_PROBLEM TO WORK ON_
Using the entries below, write out the line with "Madison Rehab and", the line with "DA VINCI CASANEO", and every line in between, exactly as each is written.

_PROVIDED DATA_
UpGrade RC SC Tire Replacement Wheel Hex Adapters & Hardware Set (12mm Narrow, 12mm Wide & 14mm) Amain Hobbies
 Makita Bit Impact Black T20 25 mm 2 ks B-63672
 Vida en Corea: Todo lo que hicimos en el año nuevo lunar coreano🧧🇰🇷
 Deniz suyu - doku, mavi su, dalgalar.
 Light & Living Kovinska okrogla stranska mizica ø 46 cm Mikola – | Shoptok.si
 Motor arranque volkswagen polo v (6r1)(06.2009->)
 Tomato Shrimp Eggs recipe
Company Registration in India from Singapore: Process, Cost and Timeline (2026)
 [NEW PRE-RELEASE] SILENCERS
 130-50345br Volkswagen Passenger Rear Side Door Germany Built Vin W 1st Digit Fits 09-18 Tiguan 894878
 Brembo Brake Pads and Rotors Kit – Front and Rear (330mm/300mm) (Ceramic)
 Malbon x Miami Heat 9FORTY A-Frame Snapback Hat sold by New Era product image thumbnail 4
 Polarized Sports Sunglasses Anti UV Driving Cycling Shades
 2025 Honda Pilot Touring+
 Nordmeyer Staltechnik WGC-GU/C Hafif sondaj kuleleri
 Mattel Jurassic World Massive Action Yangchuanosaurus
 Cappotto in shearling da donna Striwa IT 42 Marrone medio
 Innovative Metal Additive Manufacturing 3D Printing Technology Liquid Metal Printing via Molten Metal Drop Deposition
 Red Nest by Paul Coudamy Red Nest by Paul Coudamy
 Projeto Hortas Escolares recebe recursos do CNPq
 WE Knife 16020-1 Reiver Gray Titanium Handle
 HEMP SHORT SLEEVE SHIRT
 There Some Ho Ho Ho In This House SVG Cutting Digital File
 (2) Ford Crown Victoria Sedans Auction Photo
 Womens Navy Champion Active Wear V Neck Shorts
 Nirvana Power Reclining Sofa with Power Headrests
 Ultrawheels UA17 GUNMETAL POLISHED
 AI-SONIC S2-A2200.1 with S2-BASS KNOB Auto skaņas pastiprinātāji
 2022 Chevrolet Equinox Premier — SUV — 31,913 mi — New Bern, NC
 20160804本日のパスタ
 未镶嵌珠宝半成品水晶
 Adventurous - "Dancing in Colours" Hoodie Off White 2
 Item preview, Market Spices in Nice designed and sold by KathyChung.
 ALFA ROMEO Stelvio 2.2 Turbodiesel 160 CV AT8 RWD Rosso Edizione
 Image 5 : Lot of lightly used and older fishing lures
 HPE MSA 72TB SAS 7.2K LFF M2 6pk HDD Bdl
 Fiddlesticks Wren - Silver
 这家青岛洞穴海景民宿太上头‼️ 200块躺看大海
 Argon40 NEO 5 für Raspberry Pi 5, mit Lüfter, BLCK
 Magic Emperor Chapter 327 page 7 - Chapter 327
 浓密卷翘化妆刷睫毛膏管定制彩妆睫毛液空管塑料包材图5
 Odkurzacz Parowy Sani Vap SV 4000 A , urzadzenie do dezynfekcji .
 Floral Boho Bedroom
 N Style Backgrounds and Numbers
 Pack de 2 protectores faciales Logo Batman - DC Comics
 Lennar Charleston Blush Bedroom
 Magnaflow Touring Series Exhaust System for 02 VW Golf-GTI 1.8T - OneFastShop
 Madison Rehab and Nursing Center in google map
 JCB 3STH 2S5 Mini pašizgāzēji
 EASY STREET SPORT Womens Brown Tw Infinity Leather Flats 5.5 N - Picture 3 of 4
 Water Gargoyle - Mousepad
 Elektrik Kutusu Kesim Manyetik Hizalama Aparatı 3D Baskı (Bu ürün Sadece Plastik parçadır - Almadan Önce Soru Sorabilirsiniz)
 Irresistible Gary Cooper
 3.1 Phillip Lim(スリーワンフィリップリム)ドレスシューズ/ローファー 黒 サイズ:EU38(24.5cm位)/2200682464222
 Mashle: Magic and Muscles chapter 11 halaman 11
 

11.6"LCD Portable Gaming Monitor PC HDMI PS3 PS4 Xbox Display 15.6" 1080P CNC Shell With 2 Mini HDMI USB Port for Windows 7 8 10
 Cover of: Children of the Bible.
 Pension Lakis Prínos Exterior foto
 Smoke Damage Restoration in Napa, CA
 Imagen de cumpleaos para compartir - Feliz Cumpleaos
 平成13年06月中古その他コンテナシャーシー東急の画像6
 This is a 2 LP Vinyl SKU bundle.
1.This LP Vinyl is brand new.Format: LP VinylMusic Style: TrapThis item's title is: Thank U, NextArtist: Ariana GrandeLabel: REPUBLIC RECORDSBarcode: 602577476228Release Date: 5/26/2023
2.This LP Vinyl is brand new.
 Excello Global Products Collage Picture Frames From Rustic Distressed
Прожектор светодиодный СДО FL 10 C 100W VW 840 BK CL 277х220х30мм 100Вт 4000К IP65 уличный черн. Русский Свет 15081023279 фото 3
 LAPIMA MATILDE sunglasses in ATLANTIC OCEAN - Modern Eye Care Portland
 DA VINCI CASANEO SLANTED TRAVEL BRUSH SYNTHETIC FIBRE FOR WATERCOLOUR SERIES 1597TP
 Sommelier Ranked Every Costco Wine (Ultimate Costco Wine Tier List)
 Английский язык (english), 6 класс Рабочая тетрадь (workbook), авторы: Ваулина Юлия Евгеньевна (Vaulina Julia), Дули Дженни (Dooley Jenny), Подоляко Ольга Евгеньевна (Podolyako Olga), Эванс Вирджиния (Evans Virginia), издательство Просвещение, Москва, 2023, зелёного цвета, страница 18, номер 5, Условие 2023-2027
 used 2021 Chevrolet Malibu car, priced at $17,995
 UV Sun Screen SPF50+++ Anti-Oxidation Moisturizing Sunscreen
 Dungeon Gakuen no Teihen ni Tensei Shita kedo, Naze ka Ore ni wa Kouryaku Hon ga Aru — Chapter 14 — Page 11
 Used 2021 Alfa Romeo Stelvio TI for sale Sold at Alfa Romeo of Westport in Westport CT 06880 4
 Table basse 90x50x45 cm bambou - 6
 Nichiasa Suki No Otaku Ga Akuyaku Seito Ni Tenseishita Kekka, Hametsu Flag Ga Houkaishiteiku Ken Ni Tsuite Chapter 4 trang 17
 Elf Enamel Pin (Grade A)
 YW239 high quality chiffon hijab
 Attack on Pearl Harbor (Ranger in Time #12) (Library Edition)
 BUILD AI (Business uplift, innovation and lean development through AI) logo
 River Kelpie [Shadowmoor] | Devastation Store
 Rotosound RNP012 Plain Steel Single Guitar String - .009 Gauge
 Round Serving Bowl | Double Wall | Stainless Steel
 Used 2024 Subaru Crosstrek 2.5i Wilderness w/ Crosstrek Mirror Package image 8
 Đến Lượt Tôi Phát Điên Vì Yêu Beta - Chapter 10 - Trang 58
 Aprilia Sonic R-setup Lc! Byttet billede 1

_SOLUTION TO THIS PROBLEM_
 Madison Rehab and Nursing Center in google map
 JCB 3STH 2S5 Mini pašizgāzēji
 EASY STREET SPORT Womens Brown Tw Infinity Leather Flats 5.5 N - Picture 3 of 4
 Water Gargoyle - Mousepad
 Elektrik Kutusu Kesim Manyetik Hizalama Aparatı 3D Baskı (Bu ürün Sadece Plastik parçadır - Almadan Önce Soru Sorabilirsiniz)
 Irresistible Gary Cooper
 3.1 Phillip Lim(スリーワンフィリップリム)ドレスシューズ/ローファー 黒 サイズ:EU38(24.5cm位)/2200682464222
 Mashle: Magic and Muscles chapter 11 halaman 11
 

11.6"LCD Portable Gaming Monitor PC HDMI PS3 PS4 Xbox Display 15.6" 1080P CNC Shell With 2 Mini HDMI USB Port for Windows 7 8 10
 Cover of: Children of the Bible.
 Pension Lakis Prínos Exterior foto
 Smoke Damage Restoration in Napa, CA
 Imagen de cumpleaos para compartir - Feliz Cumpleaos
 平成13年06月中古その他コンテナシャーシー東急の画像6
 This is a 2 LP Vinyl SKU bundle.
1.This LP Vinyl is brand new.Format: LP VinylMusic Style: TrapThis item's title is: Thank U, NextArtist: Ariana GrandeLabel: REPUBLIC RECORDSBarcode: 602577476228Release Date: 5/26/2023
2.This LP Vinyl is brand new.
 Excello Global Products Collage Picture Frames From Rustic Distressed
Прожектор светодиодный СДО FL 10 C 100W VW 840 BK CL 277х220х30мм 100Вт 4000К IP65 уличный черн. Русский Свет 15081023279 фото 3
 LAPIMA MATILDE sunglasses in ATLANTIC OCEAN - Modern Eye Care Portland
 DA VINCI CASANEO SLANTED TRAVEL BRUSH SYNTHETIC FIBRE FOR WATERCOLOUR SERIES 1597TP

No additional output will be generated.